[bitcoin-dev] Committed bloom filters for improved wallet performance and SPV security

bfd at cock.lu bfd at cock.lu
Fri Jan 6 02:15:26 UTC 2017


With a credit card you have an institution worth billions of dollars
asserting that a payment has been made, with the option that it may be
retracted under special circumstances by the card issuer.

Unconfirmed Bitcoin transactions with a SPV client has you trusting
that the un-authenticated DNS seed lookup has not been tampered with,
the connection to the random node that you connect to has not been
tampered with, and that the seed nor the node are attempting to
manipulate you.

The two scenarios aren’t even remotely comparable.
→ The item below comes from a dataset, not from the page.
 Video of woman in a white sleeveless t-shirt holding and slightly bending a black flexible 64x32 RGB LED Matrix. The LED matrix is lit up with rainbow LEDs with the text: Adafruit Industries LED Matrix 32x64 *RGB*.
On 2017-01-04 00:56, Aaron Voisine wrote:
> It's easy enough to mark a transaction as "pending". People with bank
> accounts are familiar with the concept.
> 
> Although the risk of accepting gossip information from multiple random
> peers, in the case where the sender does not control the receivers
> network is still minimal. Random node operators have no incentive to
> send fake transactions, and would need to control all the nodes a
> client connects to, and find a non-false-positive address belonging to
> the victims wallet.
> 
> It's not impossible, but it's non trivial, would only temporarily show
> a pending transaction, and provide no benefit to the node operator.
> There are much juicier targets for an attacker with the ability to
> sybil attack the entire bitcoin p2p network.
> 
> Aaron
> 
> On Tue, Jan 3, 2017 at 11:47 PM Jonas Schnelli <dev at jonasschnelli.ch>
> wrote:
> 
>> Hi
>> 
>>> Unconfirmed transactions are incredibly important for real world
>> use.
>> 
>>> Merchants for instance are willing to accept credit card payments
>> of
>> 
>>> thousands of dollars and ship the goods despite the fact that the
>> 
>>> transaction can be reversed up to 60 days later. There is a very
>> large
>> 
>>> cost to losing the ability to have instant transactions in many or
>> 
>>> even most situations. This cost is typically well above the fraud
>> risk.
>> 
>>> 
>> 
>>> It's important to recognize that bitcoin serves a wide variety of
>> use
>> 
>>> cases with different profiles for time sensitivity and fraud risk.
>> 
>>> 
>> 
>> I agree that unconfirmed transactions are incredibly important, but
>> not
>> 
>> over SPV against random peers.
>> 
>> If you offer users/merchants a feature (SPV 0-conf against random
>> 
>> peers), that is fundamentally insecure, it will – sooner or later
>> – lead
>> 
>> to some large scale fiasco, hurting Bitcoins reputation and trust
>> from
>> 
>> merchants.
>> 
>> Merchants using and trusting 0-conf SPV transactions (retrieved from
>> 
>> random peers) is something we should **really eliminate** through
>> 
>> education and by offering different solution.
>> 
>> There are plenty, more sane options. If you can't run your own
>> full-node
>> 
>> as a merchant (trivial), maybe co-use a wallet-service with
>> centralized
>> 
>> verification (maybe use two of them), I guess Copay would be one of
>> 
>> those wallets (as an example). Use them in watch-only mode.
>> 
>> For end-users SPV software, I think it would be recommended to...
>> 
>> ... disable unconfirmed transactions during SPV against random peers
>> 
>> ... enable unconfirmed transactions when using SPV against a trusted
>> 
>> peer with preshared keys after BIP150
>> 
>> ... if unconfirmed transactions are disabled, show how it can be
>> enabled
>> 
>> (how to run a full-node [in a box, etc.])
>> 
>> ... educate, inform users that a transaction with no confirmation
>> can be
>> 
>> "stopped" or "redirected" any time, also inform about the risks
>> during
>> 
>> low-conf phase (1-5).
>> 
>> I though see the point that it's nice to make use of the "incoming
>> 
>> funds..." feature in SPV wallets. But – for the sake of stability
>> and
>> 
>> (risk-)scaling – we may want to recommend to scarify this feature
>> and –
>> 
>> in the same turn – to use privacy-preserving BFD's.